2. Streaming ingestion¶
Near-real-time signals (collaboration activity, content interactions). "Features stay aligned with what users are doing in the moment" — opening a doc, joining a Slack channel, etc. should surface in the next search within seconds.
3. Direct writes¶
Escape hatch for lightweight or precomputed features. Example: relevance scores from a separate LLM evaluation pipeline written directly to Dynovault in seconds, bypassing the batch cycle entirely.
(Source: sources/2025-12-18-dropbox-feature-store-powering-real-time-ai-dash)
Operational numbers¶
| Dimension | Value |
|---|---|
| Overall latency budget | sub-100ms |
| Dynovault client latency | ~20ms |
| Go service added overhead | ~5–10ms |
| End-to-end p95 | ~25–35ms |
| Go service throughput | thousands of req/s |
| Typical feature change rate (15-min window) | 1–5% |
| Batch write volume after change detection | hundreds of millions → <1M records/run |
| Batch run time after change detection | >1 hour → <5 minutes |
Design rationale¶
Why not off-the-shelf?¶
- Infrastructure is split: on-prem low-latency service-to-service
- Spark-native cloud feature engineering. Standard cloud-native feature stores didn't bridge both.
- Sub-100ms budget with thousands of parallel reads per query exceeded vendor offerings at Dropbox's shape/cost.
- Dynovault already existed as an internal primitive — the DynamoDB adapter in Feast made composition straightforward.
Why not fully in-house?¶
- Feast's clean separation of feature definitions from infrastructure concerns meant ML engineers could focus on PySpark transforms, not serving plumbing — worth inheriting.
- Feast's adapter ecosystem was the cheapest path to plug Dynovault in as the online tier.

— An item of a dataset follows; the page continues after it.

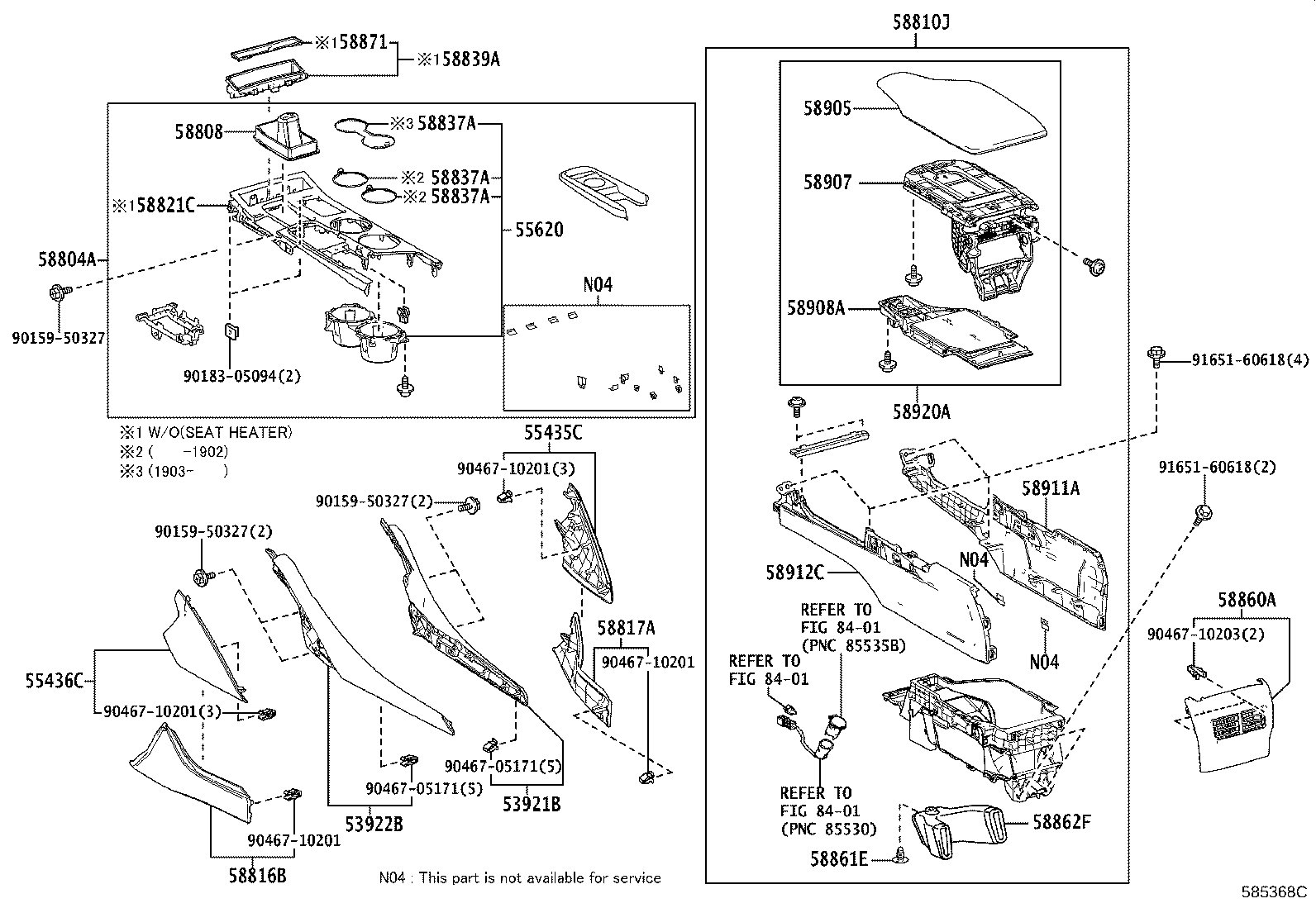 Toyota 58804-24190-C0 PANEL SUB-ASSY, CONSOLE, UPPER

"Middle path between building everything from scratch and adopting off-the-shelf systems wholesale" — the same framing Dropbox uses for Nucleus (Rust on top of upstream libraries), Robinhood (PID on top of xDS/Envoy/gRPC), and the 7th-gen hardware rollout (supplier co- development on standard chips).
Relationship to the Dash stack¶
- Upstream: signals ingested from content + collaboration events
- LLM evaluation pipelines.
- Lateral: Dash Search Index is the unified retrieval substrate; the feature store supplies the ranking features layered over retrieval results.

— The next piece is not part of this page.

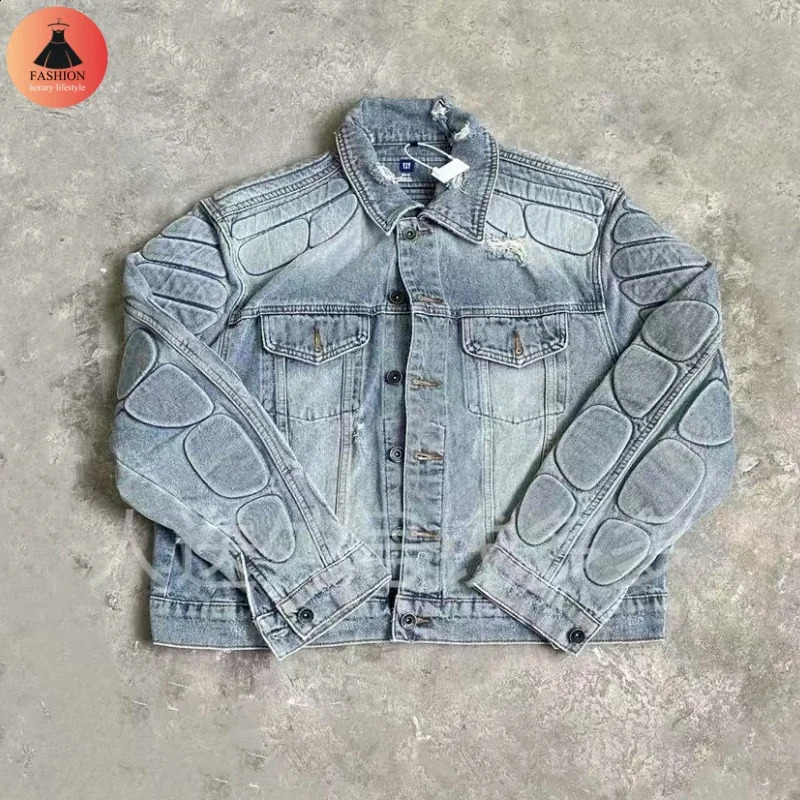 Heavy duty industrial YZY 3D embossed denim jacket washed and pleated shirt vintage mens high-quality jacket 250319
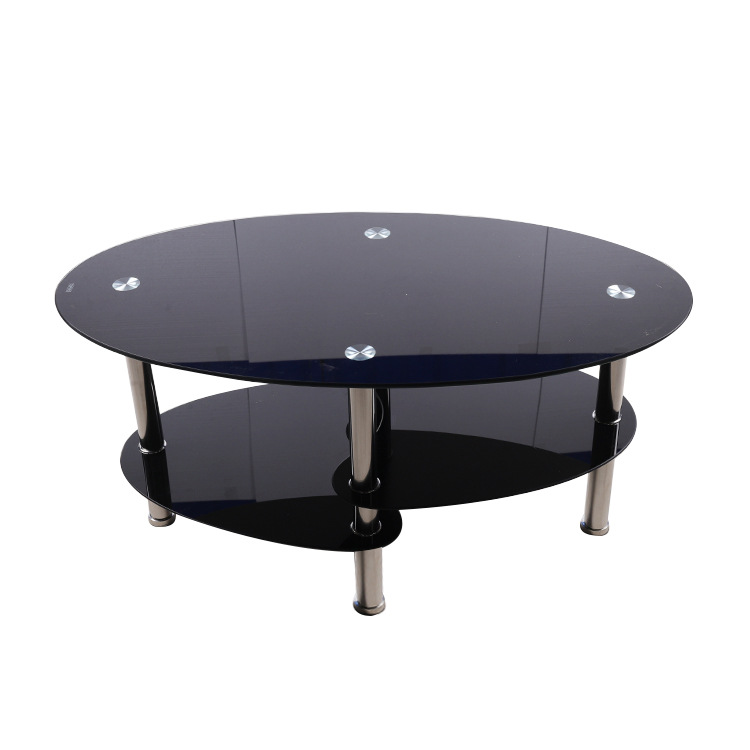 Mesa de té de doble capa lujosa y alta sensación moderna y minimalista de vidrio templado mesa de café de vidrio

- Downstream: Dash's ranker consumes features during candidate-document scoring; LLM answer generation also depends on the retrieved + ranked context.
- Compute co-location: Dynovault sits near the inference tier (including the Gumby / Godzilla GPU tiers) — avoiding public-internet latency is the design assumption.
Caveats¶
- Latency numbers are ranges, not distributions. No p99/p99.9 reported.

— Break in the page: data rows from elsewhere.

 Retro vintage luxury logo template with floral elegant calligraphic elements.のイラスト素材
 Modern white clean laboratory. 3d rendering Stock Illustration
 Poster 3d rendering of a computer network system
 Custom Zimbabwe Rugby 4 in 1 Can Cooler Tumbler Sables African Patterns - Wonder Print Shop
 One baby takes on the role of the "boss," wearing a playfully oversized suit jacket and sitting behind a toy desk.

- Dynovault internals (consistency, sharding, replication, fleet size) not described in this post.
- Change-detection mechanism is presented as a property outcome (write volume collapse) but the exact diff-and-suppress mechanism isn't described.
- Batch/streaming/direct-write assignment rule per feature isn't worked through.
- No before/after ranking-quality numbers for the freshness axis (the post asserts freshness matters, doesn't quantify).
Seen in¶
- sources/2025-12-18-dropbox-feature-store-powering-real-time-ai-dash — the canonical post describing the feature-store architecture, Python→Go rewrite, Dynovault co-location, and three-lane ingestion.